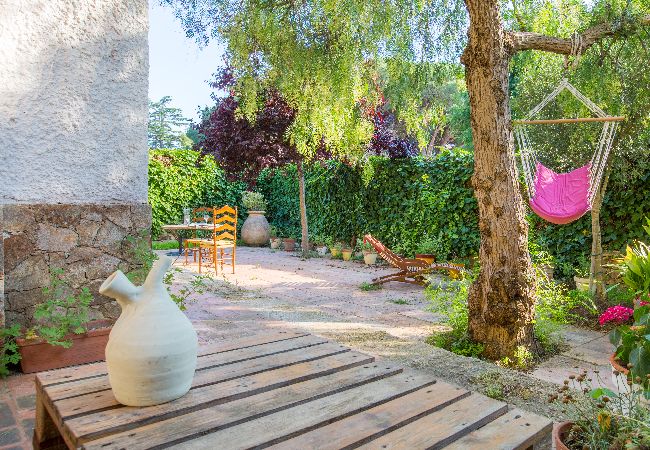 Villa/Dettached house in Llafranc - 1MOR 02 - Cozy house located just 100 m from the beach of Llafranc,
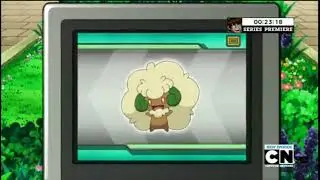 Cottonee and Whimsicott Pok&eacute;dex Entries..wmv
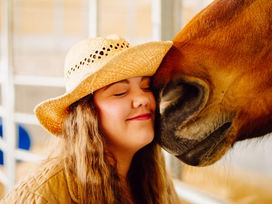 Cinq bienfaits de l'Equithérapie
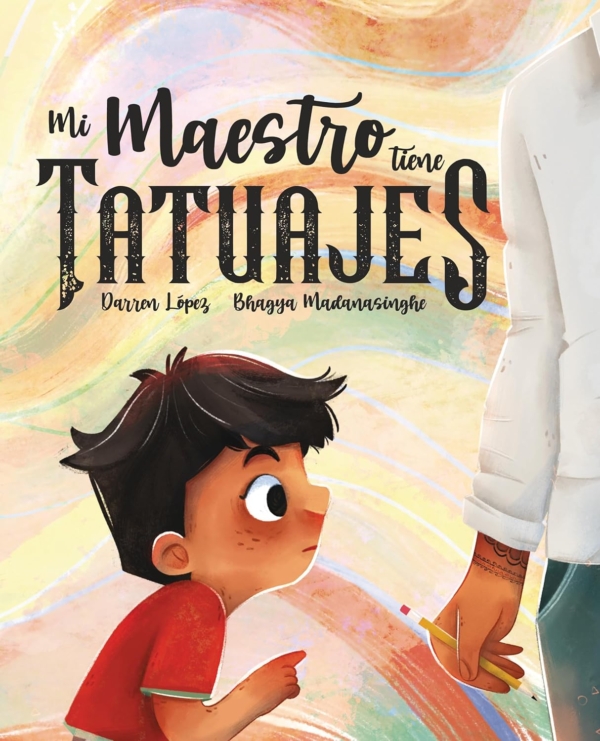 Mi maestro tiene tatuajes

---

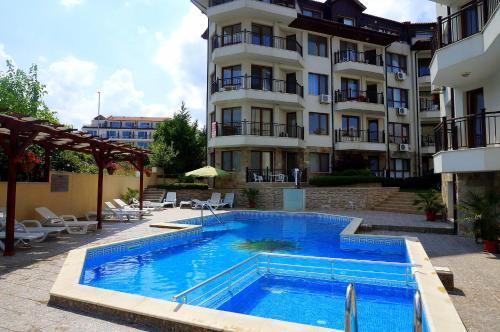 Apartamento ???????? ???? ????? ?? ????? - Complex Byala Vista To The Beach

---

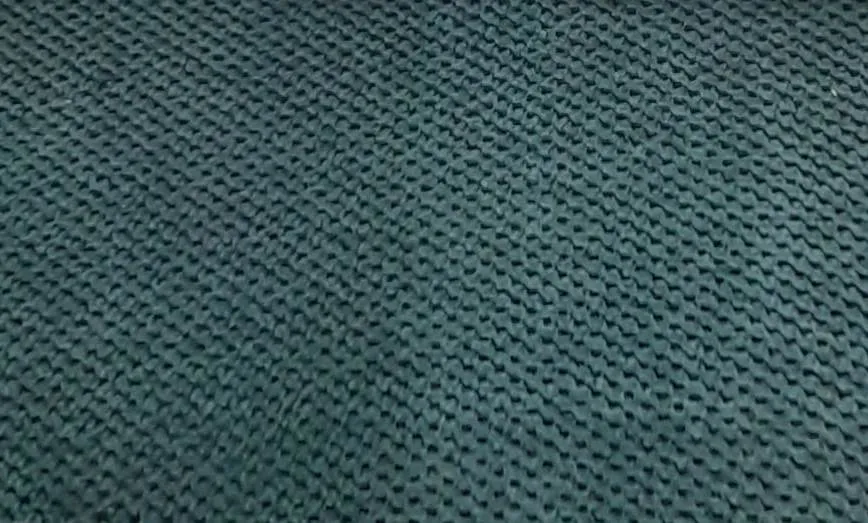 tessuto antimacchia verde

» EXERCISE BRIEF: Copy back exactly the lines above from the one containing "Villa/Dettached house in" through the one containing "Mi maestro tiene tatuajes", and leave every picture behind.

» RESULT OF THIS EXERCISE:
 Villa/Dettached house in Llafranc - 1MOR 02 - Cozy house located just 100 m from the beach of Llafranc,
 Cottonee and Whimsicott Pok&eacute;dex Entries..wmv
 Cinq bienfaits de l'Equithérapie
 Mi maestro tiene tatuajes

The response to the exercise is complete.